We set out to learn more.
Yes, Windows is really less efficient (on the Mac)
To ascertain whether or not Windows crippled battery life, we needed to run different operating systems on identical hardware: in this case, the 2012 "Ivy Bridge"-based 13-inch MacBook Air. We used Apple's latest operating system, OSX 10.9 "Mavericks," as a baseline, and compared it to Windows 7 SP1 and Windows 8.1 using Apple's Boot Camp technology. We set hardware parameters to try and eliminate any hardware effects, preventing the system and display from sleeping, setting the display brightness to a uniform 150 cd/m2, and turning adaptive brightness off.
We then charged up the Air to full capacity and performed our standard Wi-Fi battery rundown test, accessing a series of Web sites until the notebook conked out. The only differences were the default browser (IE 10 for Windows 7, IE11 for Windows 8.1, Safari for the Mac OS). At Microsoft's request, we installed Flash on Safari to ensure that any Web pages were rendered completely.
The results were telling: the MacBook Air running Mac OS X "Mavericks" lasted just over 7 hours, two hours or about 29 percent longer than the Windows 7 PC. And, of course, the data indicates that "upgrading" to Windows 8.1 is really a downgrade in battery life.
So what's going on here? That's a much more complicated question.
Microsoft's explanation: optimized drivers
Naturally, our first call was to Microsoft, for an explanation. They were ready with one.
"What appears to be the most fair comparison is actually the least fair comparison," said Gabriel Aul, director of program management at Microsoft.
Apple's Boot Camp provides a thin layer of code between the operating system and the Mac hardware itself, along with drivers to access the Mac's hardware. Each driver is a bit of code that controls individual components, such as the Wi-Fi radio, for example, or the laptop's display. But according to Microsoft, the basic Boot Camp installation uses generic or at least un-optimized drivers.
And that can make a difference, Aul said. "Device firmware and buses optimized for particular power states can have a huge impact on battery life if you have something like a radio" that's not properly tuned, he said.

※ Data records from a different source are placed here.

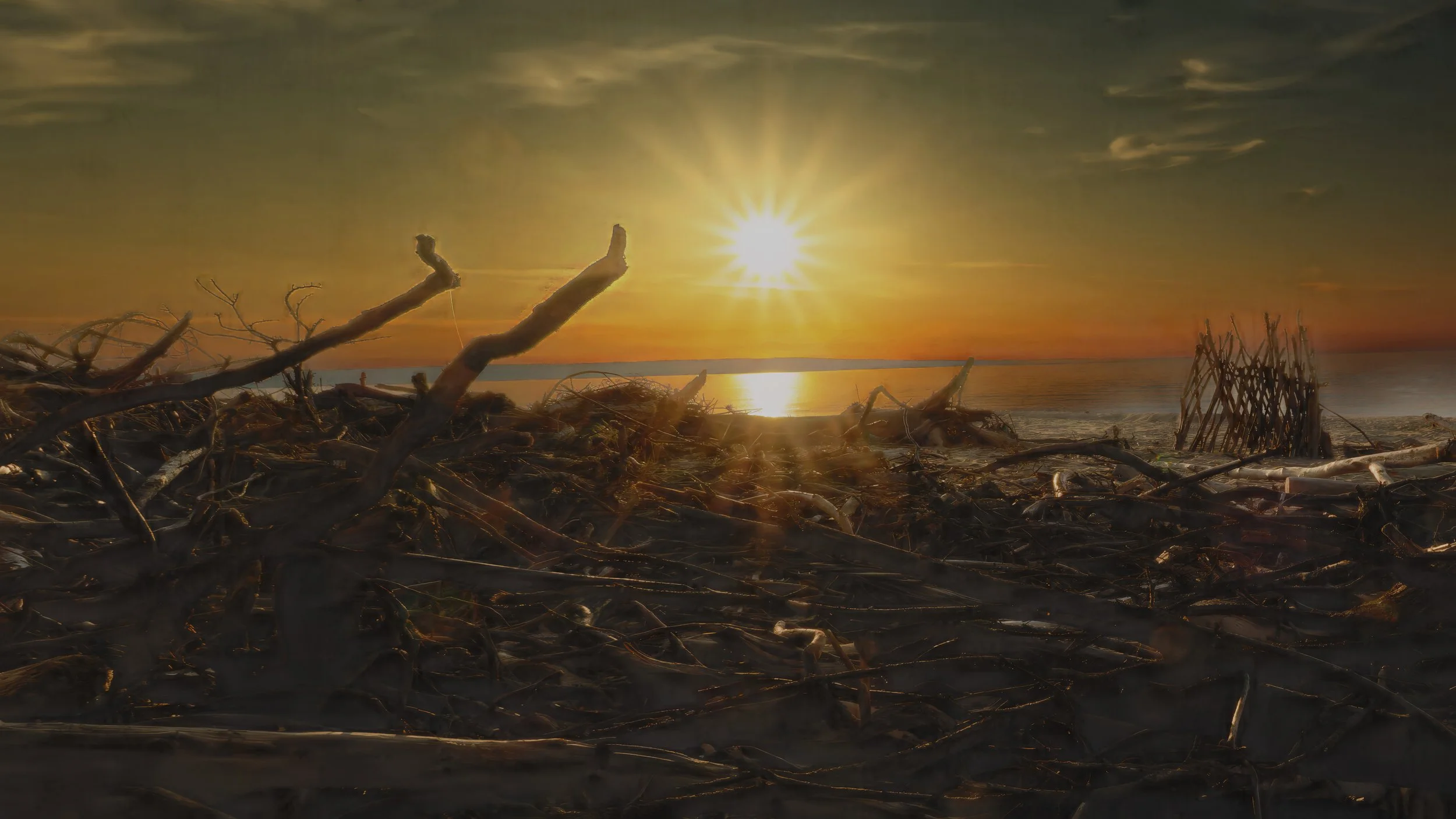 Drift Wood Sunset copy.jpg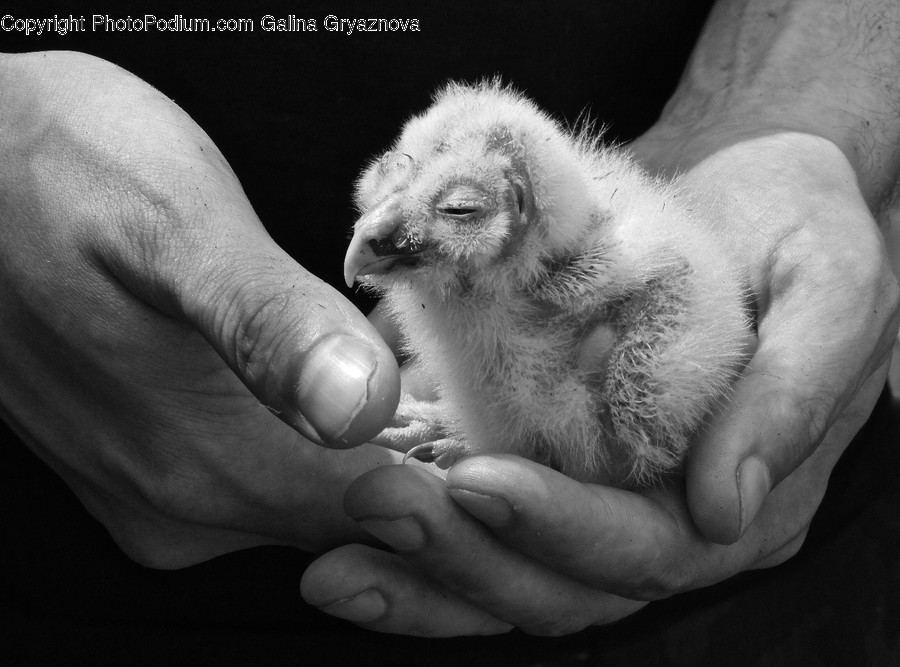 Finger, Person, Human, Animal, Hand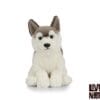 Peluche Chien Husky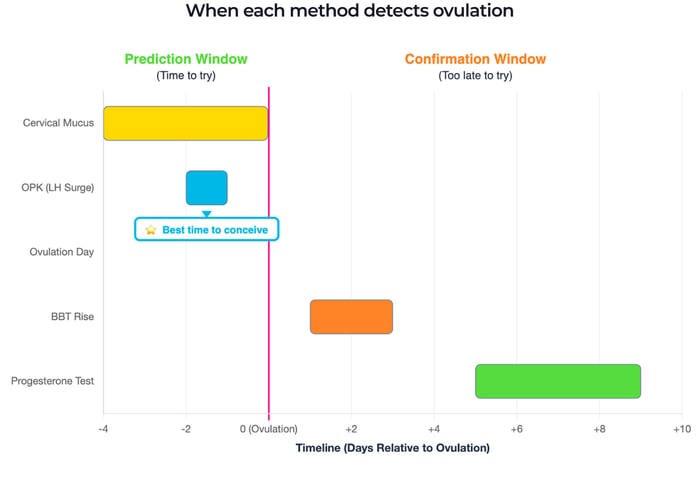 Timeline showing when cervical mucus, LH ovulation tests, BBT and progesterone blood tests detect ovulation, with prediction days before ovulation and confirmation days after.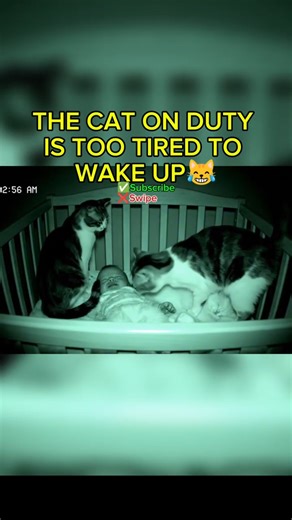 Calico Cat Wakes Up Lazy Friend to Comfort Crying Baby 😴🐱❤️ #cat #catshorts #shorts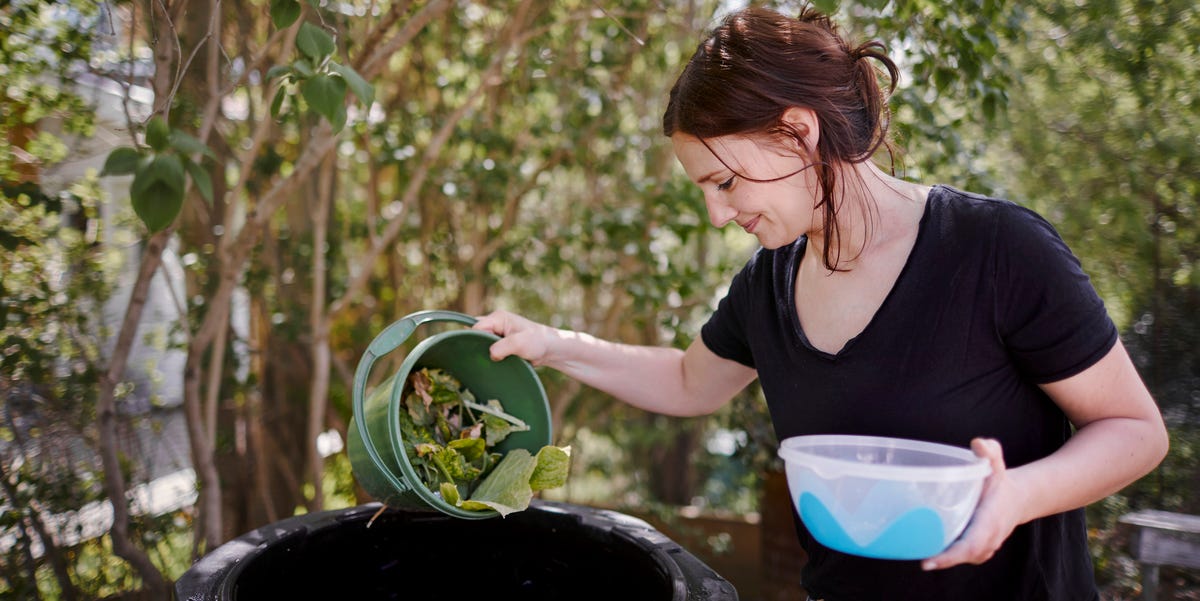 From onion skins to garden weeds: 7 things never to throw on the ...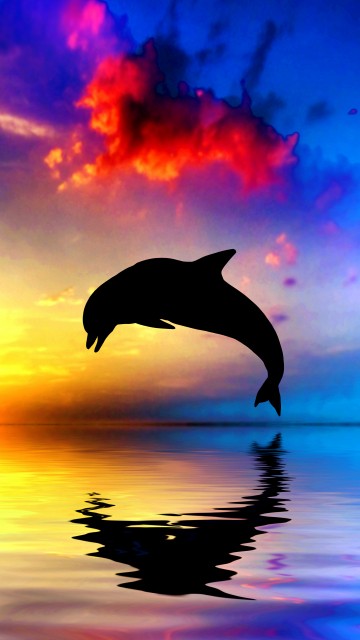 Image sunset dolphin, Common bottlenose dolphin, dolphin, wholphin, sunset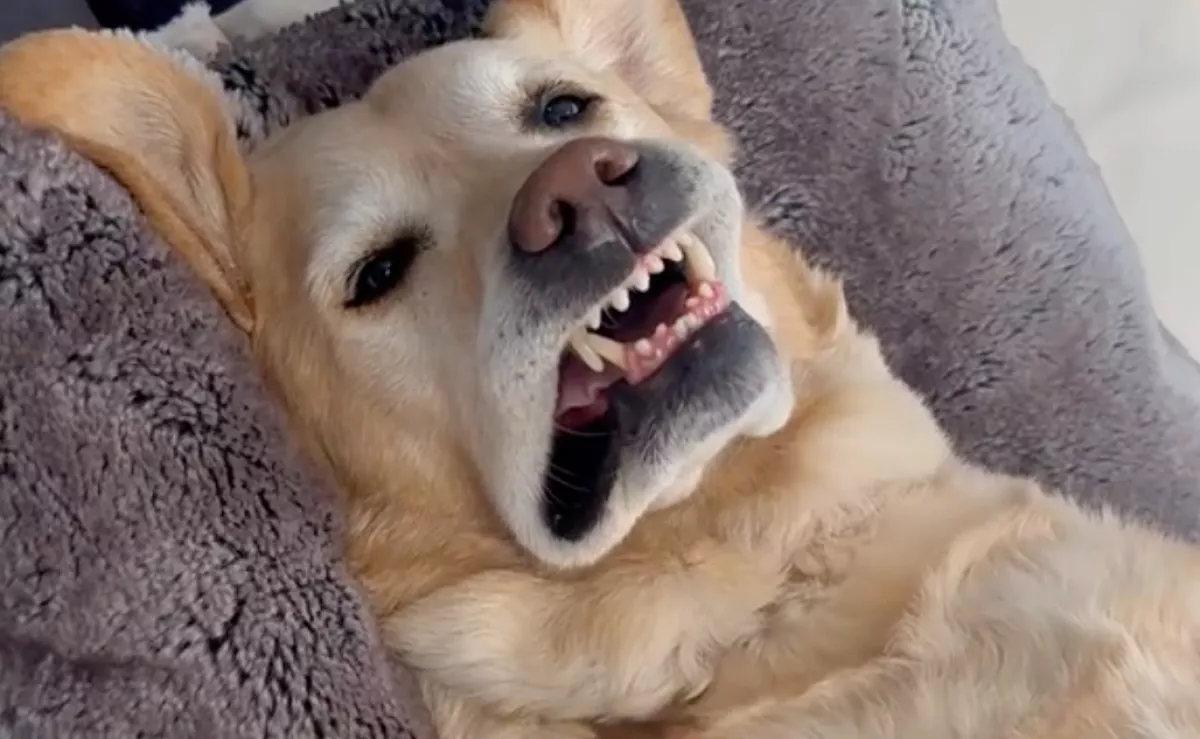 Hazaér a férfi: ahogyan a labradorját találja, megvadítja a világot - Videó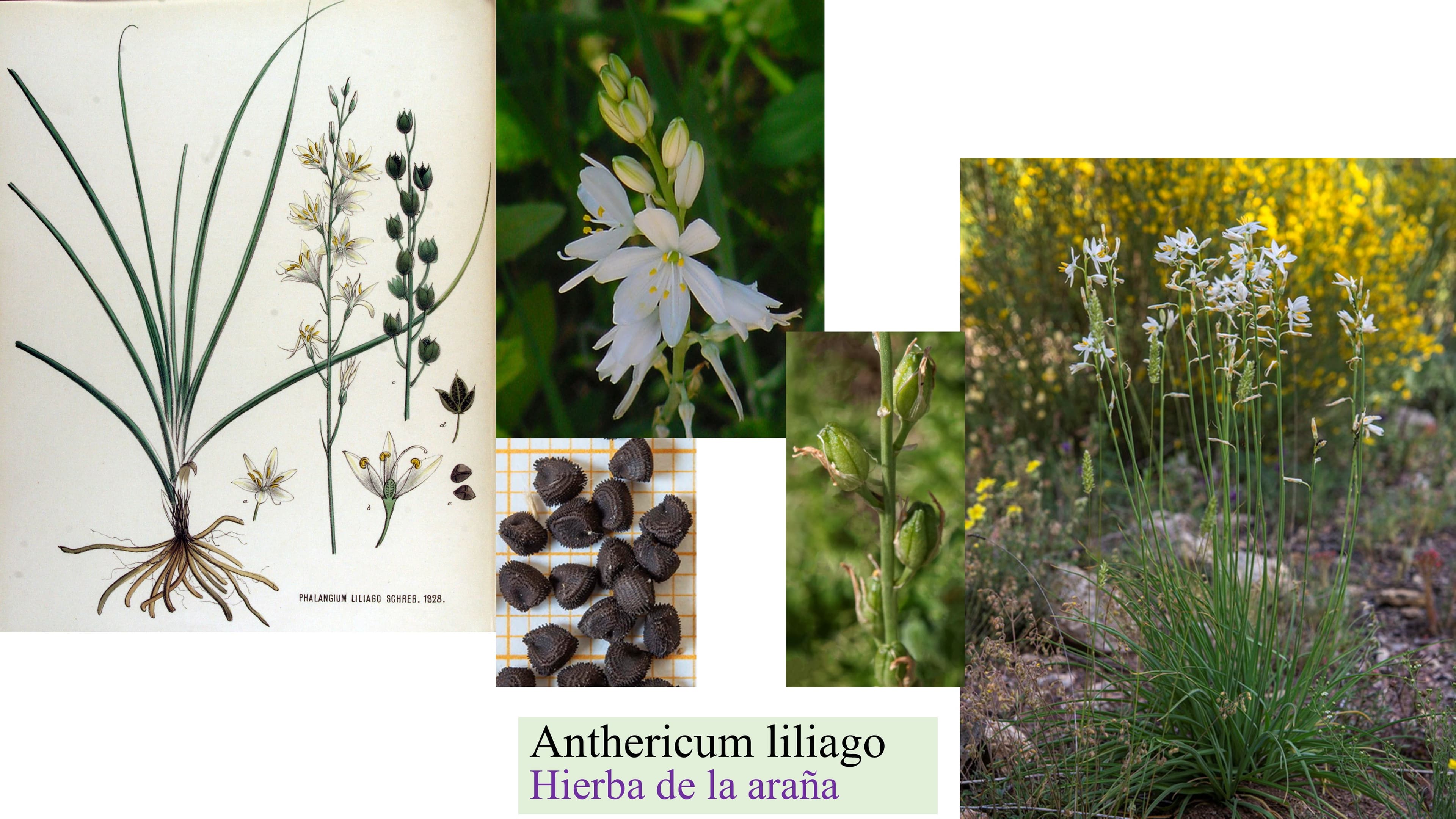 Anthericum liliago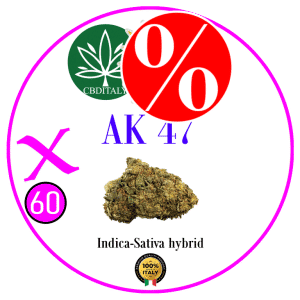 AK-47 X D9 THCBO 60% 10g **OUTLET**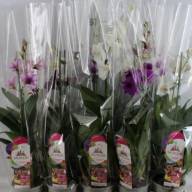 Dendrobium 1-tak Mix 12/50 - f3830d1c-5a0c-4e0a-bea8-d03a2063f9b4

For example, a Wi-Fi radio's default driver setting may be set to maximum power, Aul said, to deliver the best throughput at maximum range. But that may also mean that the battery will drain even faster than usual. And when the PC constantly powers on the Wi-Fi radio to download Web sites, those small differences can add up.
"What we can observe makes us think that... [Windows] off-the-shelf devices are highly competitive on battery life," Aul said. "On that [Mac], [those drivers] may not be particularly tuned for Windows."